Consumption-based billing is used in West Kelowna for five additional reasons:
To ensure recovery of operations and maintenance costs;
To create fairness and equity among all customers and customer classes;
To maintain transparent and understandable water rates;
To reflect the community’s environmental stewardship and water conservation objectives; and,
To guarantee water revenue stability from year-to-year
Residents in the specified Westbank Water Service Area pay for costs of borrowing to build the $17 Million Powers Creek Water Treatment Plant. Prior to the Westbank Water System being incorporated into the City of West Kelowna's operations on January 1, 2011, the water system was known as the Westbank Irrigation District, which had its own board of trustees and a defined service area.

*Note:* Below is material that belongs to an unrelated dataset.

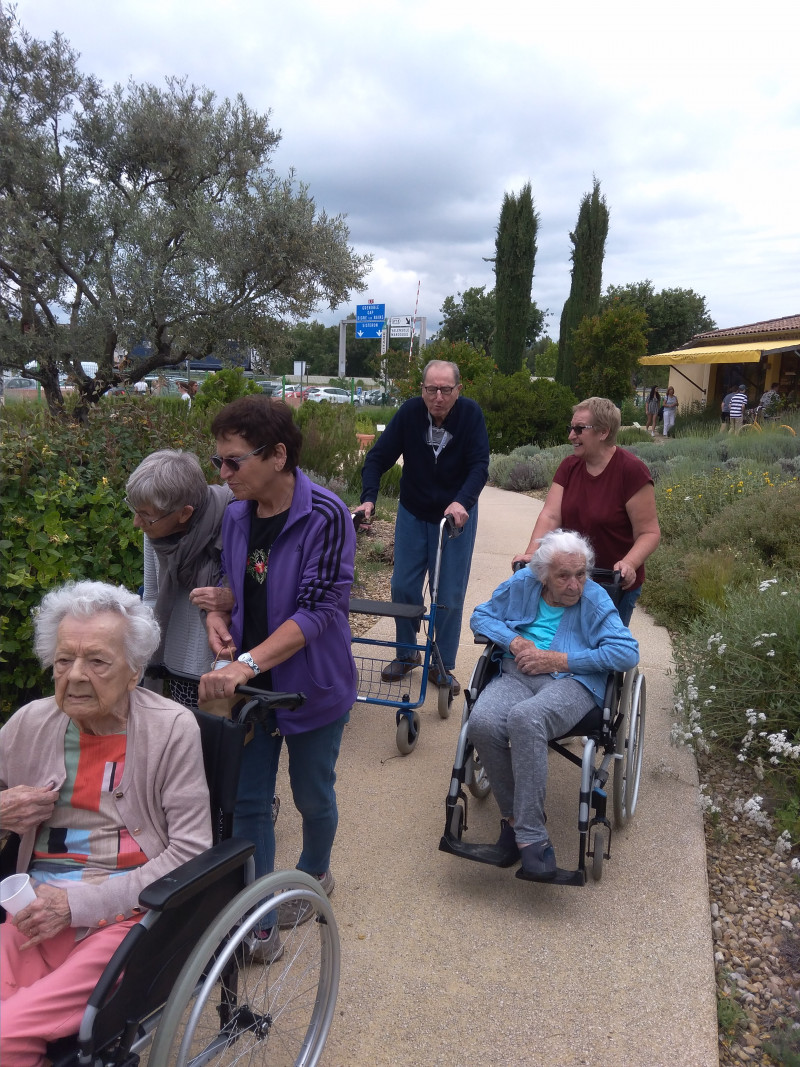 Sortie à l'Occitane en Provence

Residents in the service area approved borrowing $11 million to supplement the costs of constructing the 54 mega litre (million litres) per day plant and an eight mega litre reservoir. The plant is state-of-the-art and provides its customers with drinking water that exceeds Interior Health Authority quality standards.
The four other service areas in the City of West Kelowna do not receive water from this plant. Since they do not benefit from the plant, they do not pay to recover the costs of borrowing to build the plant, nor are they required to pay for its operation and maintenance. This means their rates are lower.
How Were Westbank Rates Determined?
West Kelowna Council has adopted the rates agreed to by the former Westbank Irrigation District after it commissioned a Water Rates Study in 2009, which outlined appropriate rates for water service including consideration for debt repayment, conservation and reserve building for future work.
The City of West Kelowna operates five water systems, none of which are interconnected in any way. The four other water systems are fundamentally less expensive to operate than the Westbank Water System. In future it is likely that they will require additional capital investment for treatment and filtration in order to meet Interior Health Authority water quality standards. This will impact rates.
How Were Rates for the Other Systems Determined?
At its March 22, 2011 meeting, Council supported the implementation of a consumption-based water billing component for West Kelowna Estates, Pritchard and Lakeview Water Service Areas and revised metered water rates for the Sunnyside Water Service Area.
Consumption-based billing began with the April to June 2011 quarter in the West Kelowna Estates, Pritchard and Lakeview Water Service Areas. The metered rates appeared on these customers' July 2011 utility bills.